Beard v. Arbuckle

19 W. Va. 145 | W. Va. | 1881

JOHNSON, President,

announced the opinion of the Court:

After the decrees rendered in the original cause supra had been appealed from, and an appeal and supersedeas to said decrees had been granted by this Court, the creditors of the defendant, Arbuckle, filed their petition in the circuit court of Greenbrier county, in which petition ample grounds are alleged to justify the appointment of a receiver, to take charge of and rent the lands and collect the rents and profits for the benefit of the creditors, pending the litigation. The petition alleges the insolvency of the .said defendant, that he has no personal property, and that the real estate is wholly insufficient to discharge the liens thereon, and prays that said Arbuckle may be removed or discharged from his position as nominal receiver in the cause, that a receiver may be appointed in his stead, who shall be required to execute a proper bond with good security, &c., and that he may be directed to take immediate possession of all said lands &c.

The defendant, Arbuckle, in his answer to the petition did not controvert the allegation of his insolvency nor deny, that the lands were insufficient to discharge the liens ascertained, nor that he had no personal property; but did say: “ If the liens against his lands are properly ascertained and the account against him properly stated, his lands, if sold for their real value, will be amply sufficient to pay his debts.” He resists the appointment of a receiver, on the ground that the cause was pending in the Court of Appeals, and all the decrees in the cause had been superseded, and therefore the circuit court *147could not appoint a receiver to take charge of the property.

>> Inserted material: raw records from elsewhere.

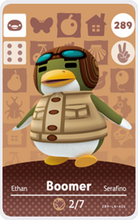 Load image into Gallery viewer, Boomer - Villager NFC Card for Animal Crossing New Horizons Amiibo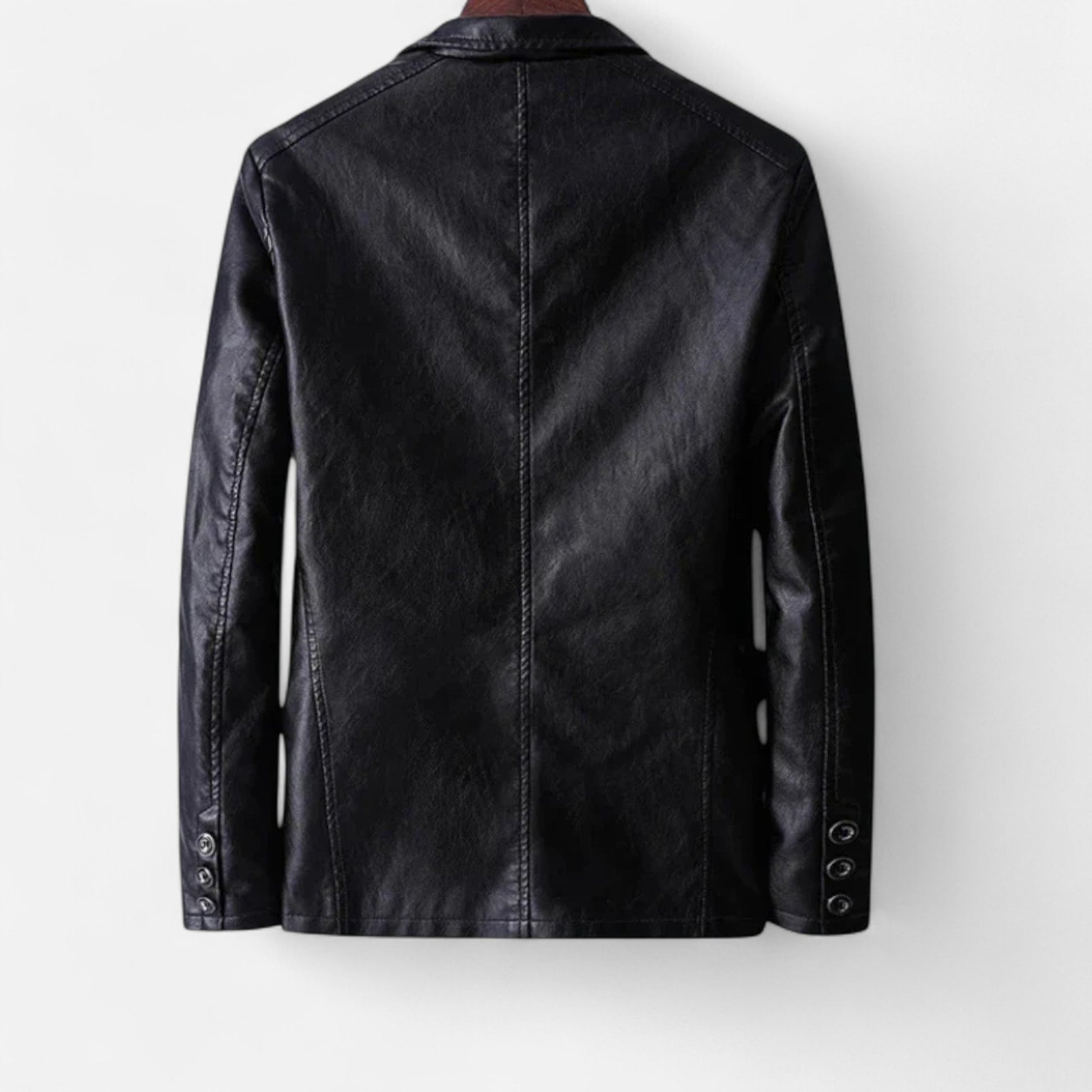 Maison Verdi| Men's Heritage Jacket in Handmade Vegan Leather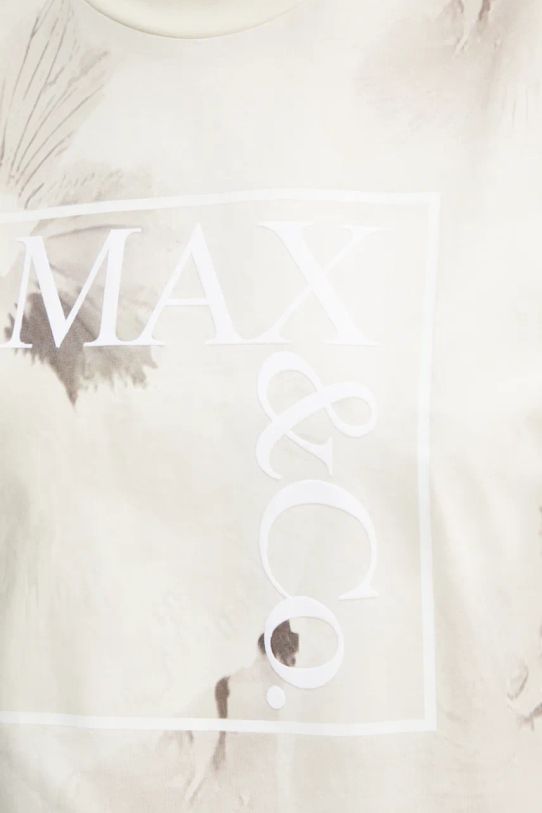 MAX&Co. t-shirt bawełniany 2426976043200 beżowy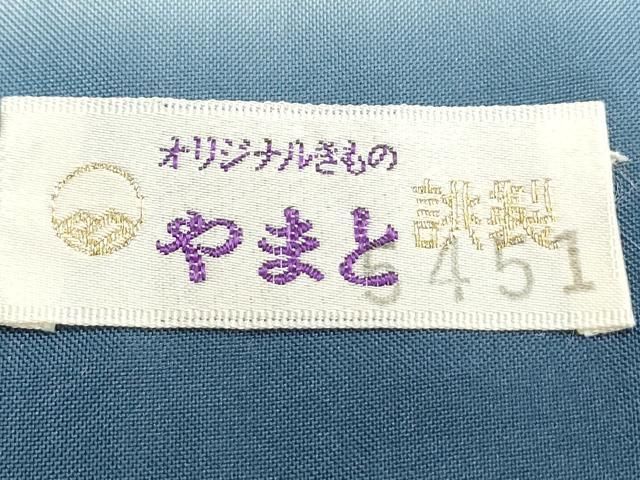 平和屋着物●本場大島紬　白大島　富士山　やまと誂製　正絹　逸品　CAAS9226th 平和屋着物○本場大島紬 白大島 富士山 やまと誂製 正絹 逸品
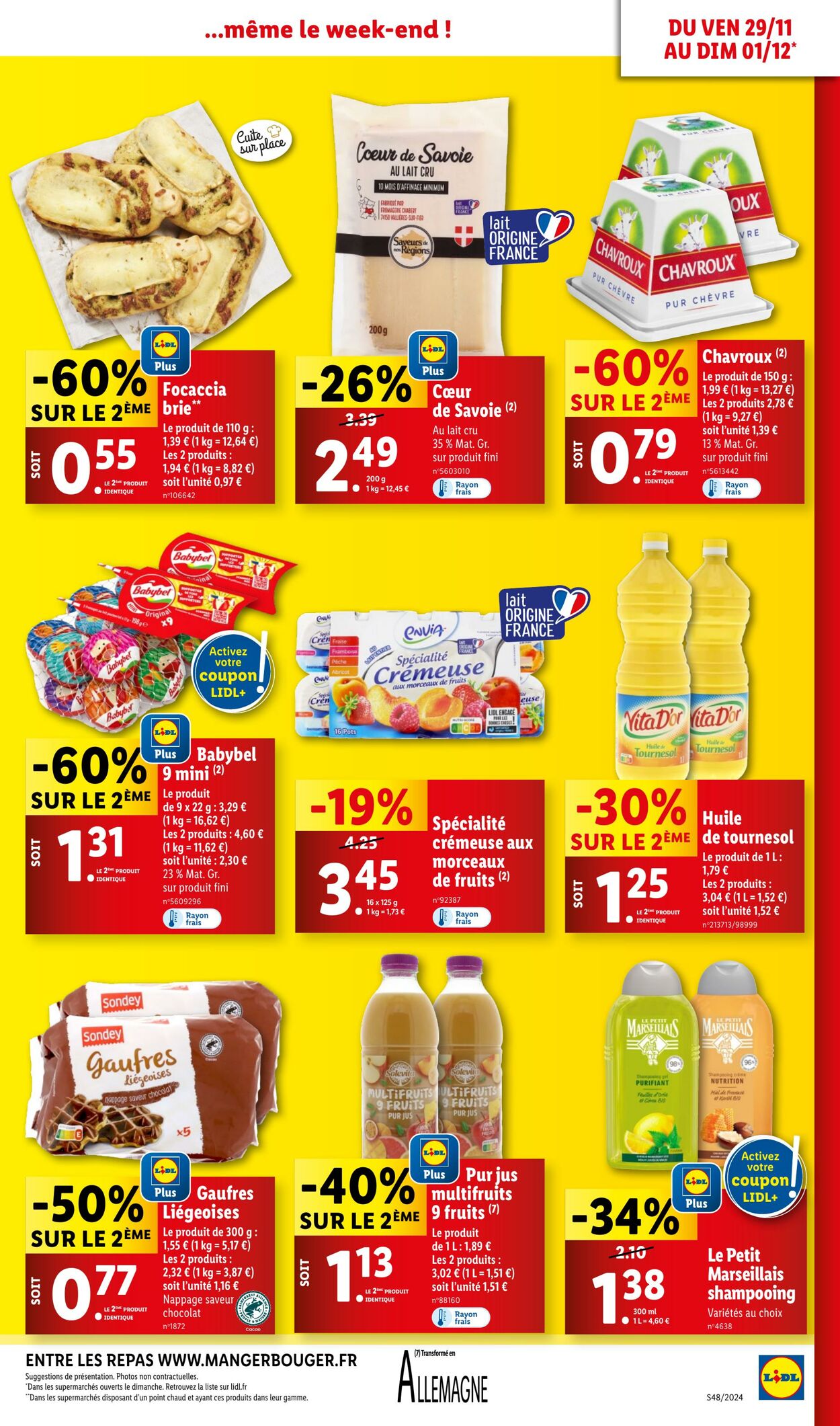 Catalogue Lidl 27.11.2024 - 03.12.2024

On the 22d day of November, 1878, the said petition was heard with the answers and affidavits filed; and the court decided, “that although this cause is now pending in the Coui't of Appeals, it is not so entirely removed from this court as to prevent the court from taking such steps to preserve the property, which is therein sought to be subjected to the payment of the debts of said Arbuckle, and to make it productive, so far as may be for the benefit of the said creditors, while said litigation is pending. And the court is further of opinion, that said property for said purposes should be put into the hands of some proper and disinterested person as receiver, who shall give bond with security for the faithful discharge of his duty; and it is therefore adjudged, ordered and decreed, that the defendant, Mathew Arbuckle, who was appointed receiver without any bond being required by the decree entered on the 25th day of June, 1877, be and he is hereby removed and discharged from said position as receiver, and James Knight be and he is hereby appointed a special receiver in this cause, with instructions to take immediate possession and control of all of the lands of the said Arbuckle, which were directed to be re-sold by the decree entered in this cause on the 25th day of June, 1877, except the tract of seventy-three and one half acres laid down in the plat by surveyor Bright in this suit as lot No. 1, and known as the “Price place, or tract,” where the said Arbuckle now resides, the petitioners consenting that he may continue for the present in possession thereof.” He was by said order directed to rent all said land, &c. But before entering upon the discharge of his duties under said decree he was required to execute a proper bond in the penalty of $2,000.00.

From and to this decree an appeal and supersedeas was granted by this Court on the 7th day of December, 1878.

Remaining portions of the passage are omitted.